TASK INPUT:
========

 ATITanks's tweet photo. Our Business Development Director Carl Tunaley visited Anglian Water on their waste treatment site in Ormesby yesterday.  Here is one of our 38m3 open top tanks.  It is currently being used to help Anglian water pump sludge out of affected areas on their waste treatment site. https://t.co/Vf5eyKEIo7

========

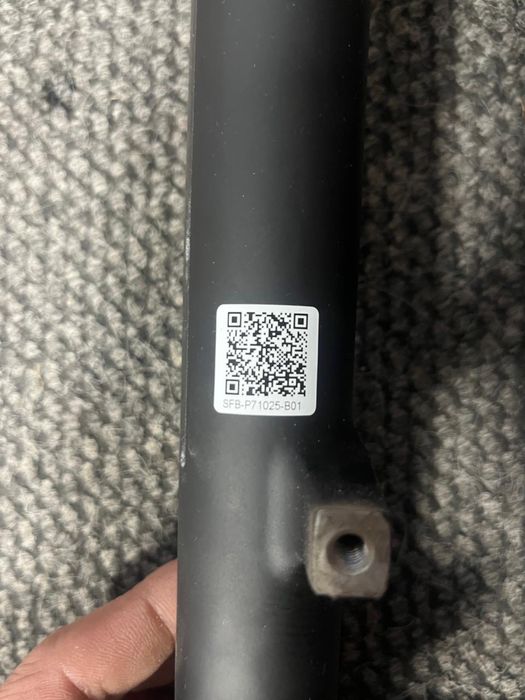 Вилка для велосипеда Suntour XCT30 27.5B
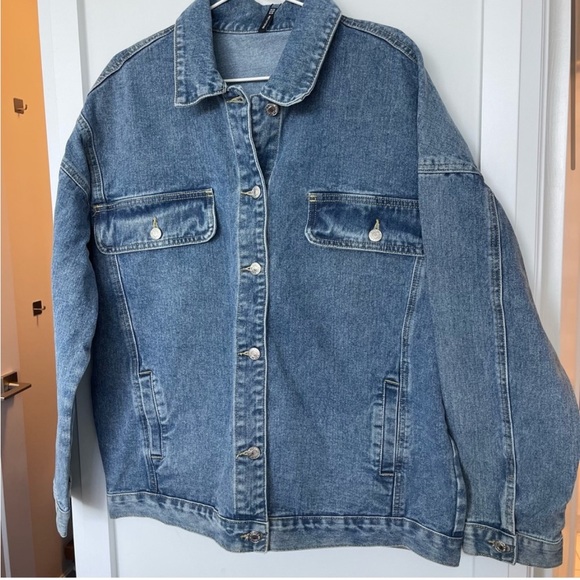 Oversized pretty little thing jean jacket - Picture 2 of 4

========

WORK INSTRUCTION:
From the records above, transcribe only the stretch from the line with "Вилка для велосипеда Suntour XCT30 27.5B" through the line with "Oversized pretty little", keeping both ends. Omit pictures.

OUTPUT OF THE EXERCISE:
 Вилка для велосипеда Suntour XCT30 27.5B
 Oversized pretty little thing jean jacket - Picture 2 of 4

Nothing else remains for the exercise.